» **Input records**:
******

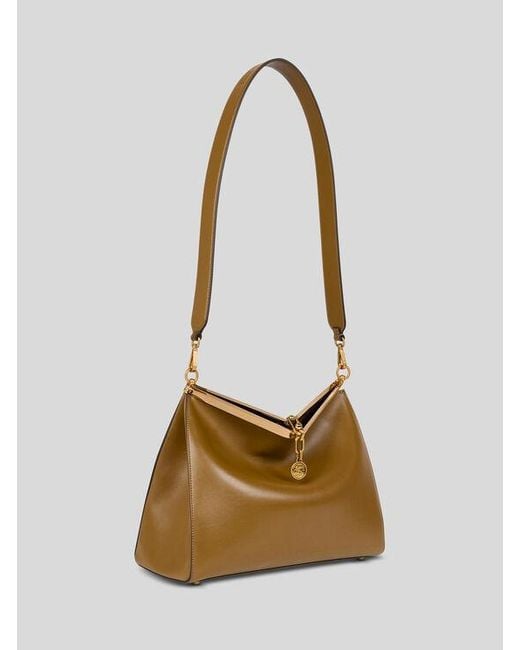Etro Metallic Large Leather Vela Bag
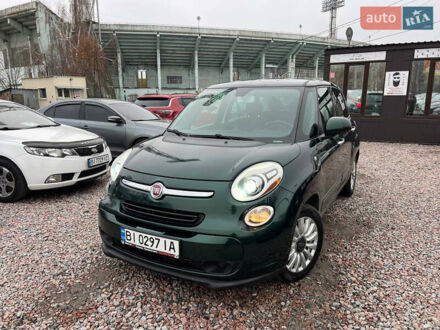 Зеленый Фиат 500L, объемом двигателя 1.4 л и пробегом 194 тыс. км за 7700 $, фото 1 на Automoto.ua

******

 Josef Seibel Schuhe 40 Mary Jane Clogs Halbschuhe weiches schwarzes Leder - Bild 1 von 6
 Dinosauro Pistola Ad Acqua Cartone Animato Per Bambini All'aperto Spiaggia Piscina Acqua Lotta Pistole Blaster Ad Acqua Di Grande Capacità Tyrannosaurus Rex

******

» **Your goal**: Return the material from the line containing "Etro Metallic Large Leather Vela Bag" through the line containing "Зеленый Фиат 500L, объемом", exactly and in full, but without its pictures.

» **Answer space**:
Etro Metallic Large Leather Vela Bag
 Зеленый Фиат 500L, объемом двигателя 1.4 л и пробегом 194 тыс. км за 7700 $, фото 1 на Automoto.ua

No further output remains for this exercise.